- Opening Delimiter -
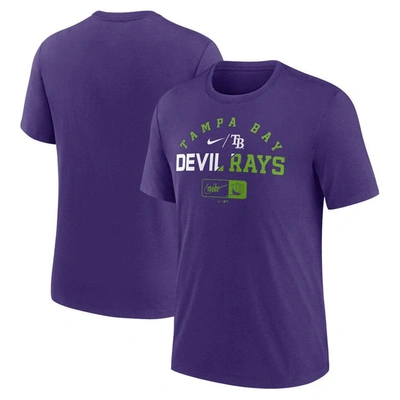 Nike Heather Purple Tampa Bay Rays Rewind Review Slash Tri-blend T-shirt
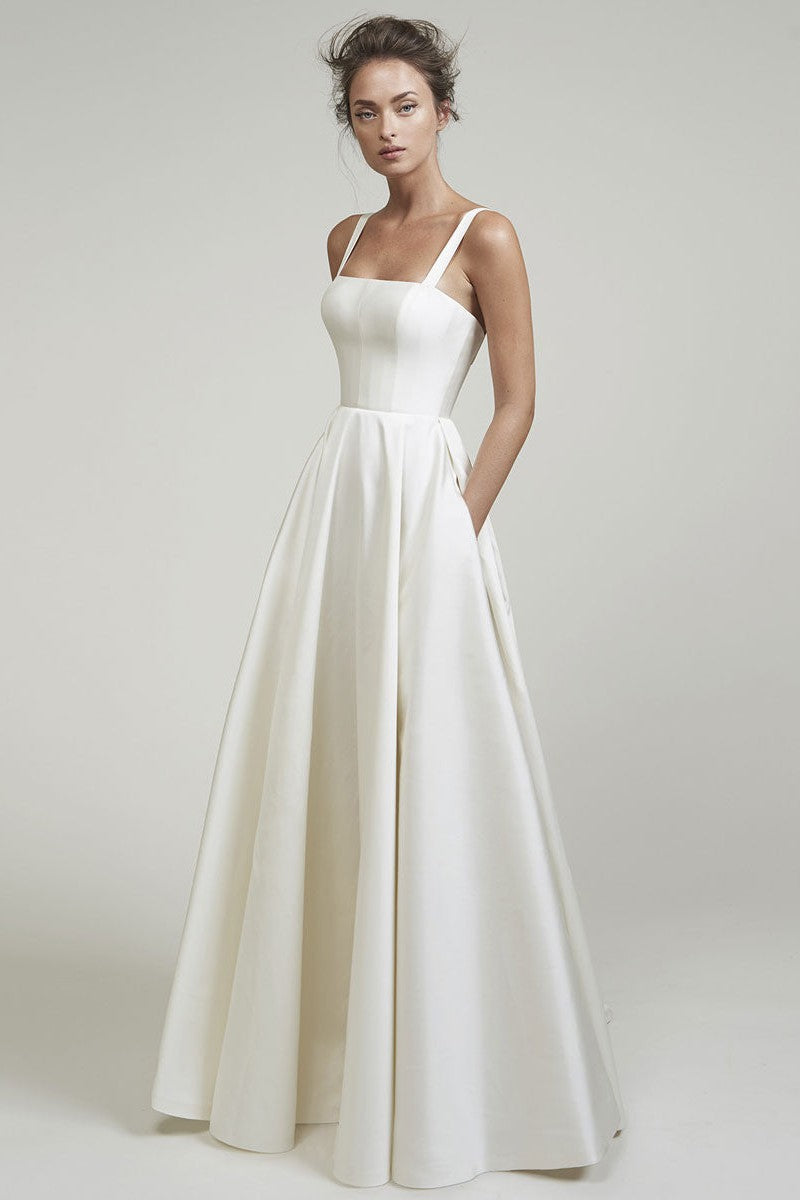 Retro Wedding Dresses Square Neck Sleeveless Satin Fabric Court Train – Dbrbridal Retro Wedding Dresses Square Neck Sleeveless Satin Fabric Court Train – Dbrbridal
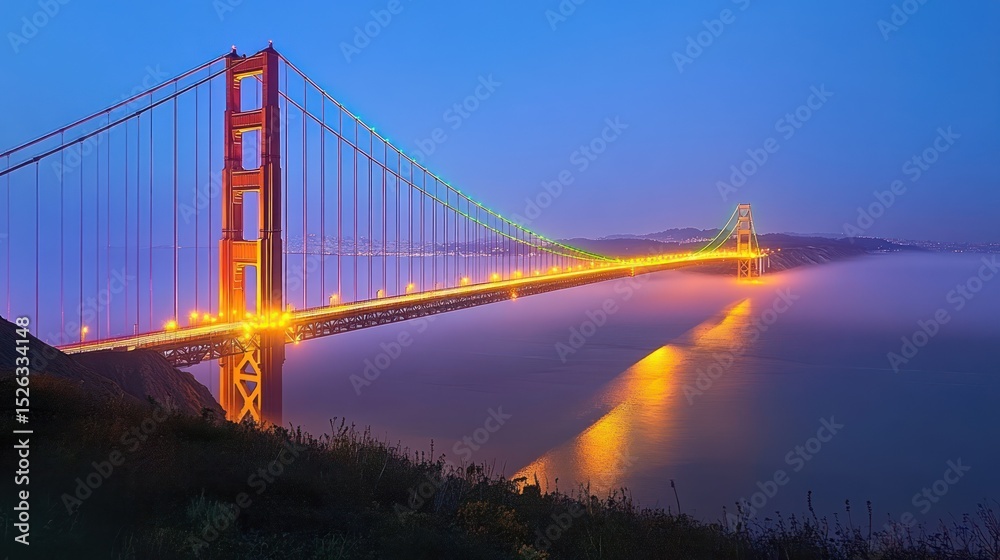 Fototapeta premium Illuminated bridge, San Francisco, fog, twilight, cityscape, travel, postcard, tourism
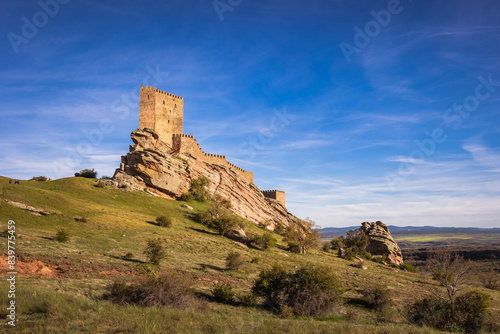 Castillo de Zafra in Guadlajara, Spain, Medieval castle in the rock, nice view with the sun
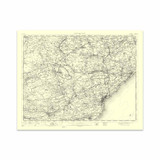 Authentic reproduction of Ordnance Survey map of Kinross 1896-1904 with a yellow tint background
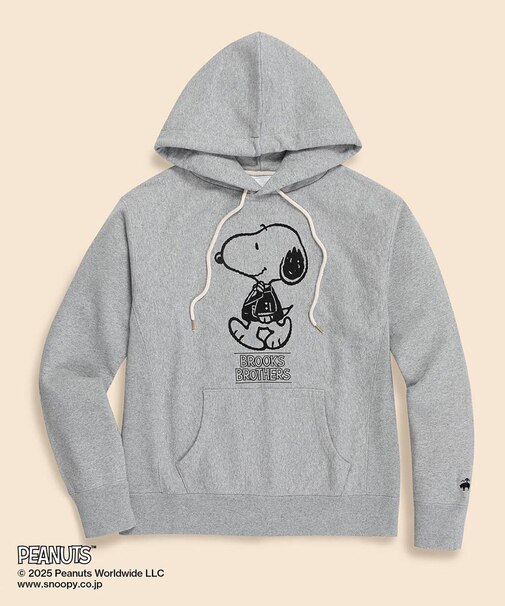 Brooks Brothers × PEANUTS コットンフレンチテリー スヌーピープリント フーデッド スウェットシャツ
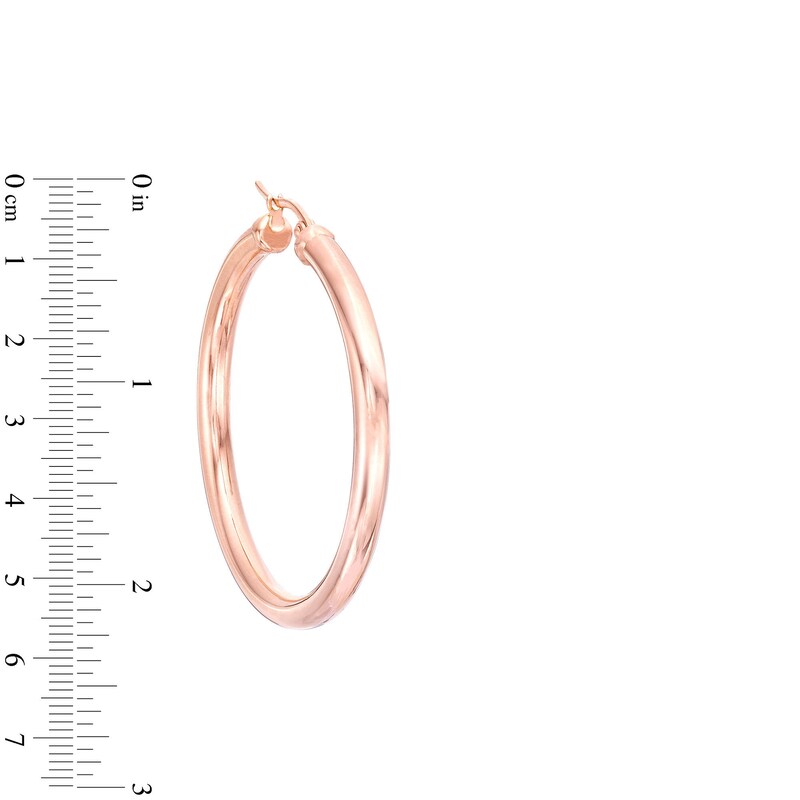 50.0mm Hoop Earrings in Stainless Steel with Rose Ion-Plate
- Closing Delimiter -
With all pictures excluded, output exactly the lines from the one containing "Brooks Brothers ×" through the final line of the entries, inclusive.

*Response to this exercise:*
 Brooks Brothers × PEANUTS コットンフレンチテリー スヌーピープリント フーデッド スウェットシャツ
 50.0mm Hoop Earrings in Stainless Steel with Rose Ion-Plate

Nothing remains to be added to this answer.